Once the inflatable external casing packer is set, the opposing "swab cups" are moved up hole in the lateral wellbore until the "swab cups" straddle the ports (holes) in a cementing valve. Pressure is then applied in a known manner to open the cementing valve and then cement is pumped in to fill the area of the annular space extending from the top of the inflatable external casing packer up to the milled window at the intersection of the primary wellbore and the lateral wellbore. In accordance with an important feature of this invention, the "hook" liner hanger system preferably has a premilled window for allowance of vertical reentry into the primary wellbore below the juncture of the lateral wellbore and the primary wellbore.
Next, the external casing packer that is located up hole in the primary wellbore above the junction of the primary wellbore and lateral wellbore discussed above is set using known mechanical hydraulic or other known methods. The tailpipe assembly string is then withdrawn high enough to allow the end of the tailpipe assembly string to be pulled from the lateral wellbore and then lowered into the main wellbore through the premilled window of the "hook" liner hanger system.
The end (or bottom) of the tailpipe assembly string is then lowered down into the main wellbore until that bottom is close to the whipstock packer which has been left in the main wellbore below the juncture of the main wellbore and lateral wellbore during the entire operation to prevent cement and other debris from falling below the whipstock packer into the main wellbore. Of course, this whipstock packer has preferably been plugged by known means. Reverse circulatory or other known means can be used to clean out any excess cement or other debris that may have fallen on top of the whipstock packer when the cement was pumped out of the cementing valve in the cementing operation.
The aforementioned camming surface and guide slot constitutes an important feature of this invention and operates as follows. The rotational orientation is accomplished downhole by the fixed position cam that is positioned above the junction of the wellbores (selected lateral and main). This cam is oriented down hole during installation of the "hook" liner hanger system in the juncture of the lateral wellbore with the main wellbore. A guide slot protrusion is mounted on either the bent sub or near the bottom part of a tool string, depending on which borehole is to be entered (main borehole or selected lateral borehole) and follows the cam automatically into the slotted guide which orients the bent sub so that the bent sub will either position the tool string to go into the lateral borehole or to remain in the main borehole to pass downhole below the lateral borehole. It should be noted that this system requires no rotational manipulation from the surface. It should be additionally noted that the slotted guide below the cam surface is sufficiently long enough so that the guide slot protrusion will orient the bottom of the tool string before the tool string reaches the juncture with the selected lateral wellbore.
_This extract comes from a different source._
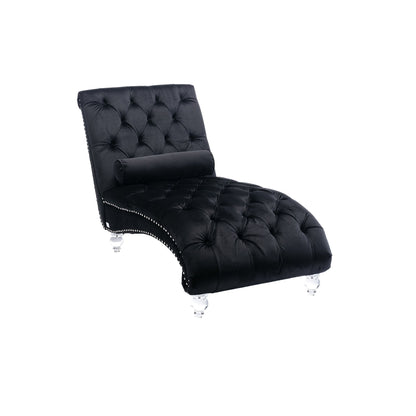 Velvet Chaise Lounge, Button-Tufted with Pillow, Black, 63.38x28.94x34.05 in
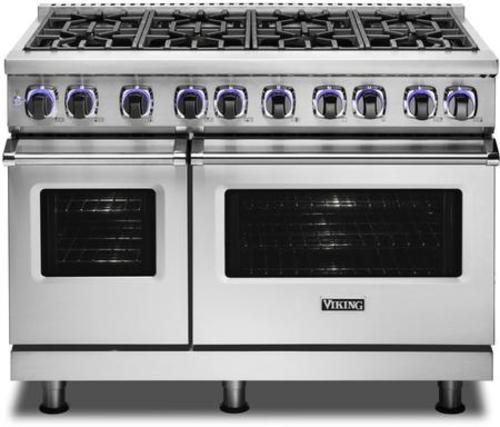 Photos - Cooker VIKING VDR74828B 48 Inch Wide 7.3 Cu. Ft. Free Standing Natural Gas Dual Fuel Range Stainless Steel Cooking Appliances Range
When it is desired to keep the tool string in the main wellbore, the guide slot protrusion is mounted near the bottom of the tool string opposite the outside of the bend on the bent sub. The bend in the bent sub is oriented so that the bent sub will create a spring force pushing the guide slot protrusion against the main bore wall. The guide slot protrusion will contact the cam surface and orient the tool string in line with the slotted guide of the "hook" liner hanger system so that the bent sub is pushing the tip of the tool string away from the lateral wellbore and downhole in the main wellbore.
In an alternate embodiment of the hook liner hanger system of the invention the premachined window providing access to the primary bore further includes a short section of tubing, attached at an angle, to the hook liner. The angle is sufficient to allow the short section of tubing to substantially extend parallel to the primary bore subsequent to departure of the hook liner from the lateral window. The short section of tubing provides additional seal capability and because it merely extends from the hook liner by approximately 11/2 to 2 inches the hook liner is still capable of being passed through the primary casing without difficulty.
Subsequent to installation of the hook liner into the lateral and the inherent orienting of the premachined window and the hook liner due to self centering of the hook on the lateral window, an orientation anchor is run through the hook liner and out the premachined window into communication with the original whipstock anchor such that the orientation anchor is oriented on the whipstock anchor and will ensure that the angled uphole section of the orientation anchor will be indexed with the premachined window of the hook liner. This provides for excellent sealability of the orientation anchor to the hook liner. A tie back seal is employed to seal the orientation anchor to the hook liner to increase performance of the unit. Alternatively, the anchor may be run prior to the hook liner and then drawn back uphole for sealing with the hook liner. This is effective but complicates the procedure.
The above-discussed and other features and advantages of the present invention will be appreciated by those skilled in the art from the following detailed description and drawings.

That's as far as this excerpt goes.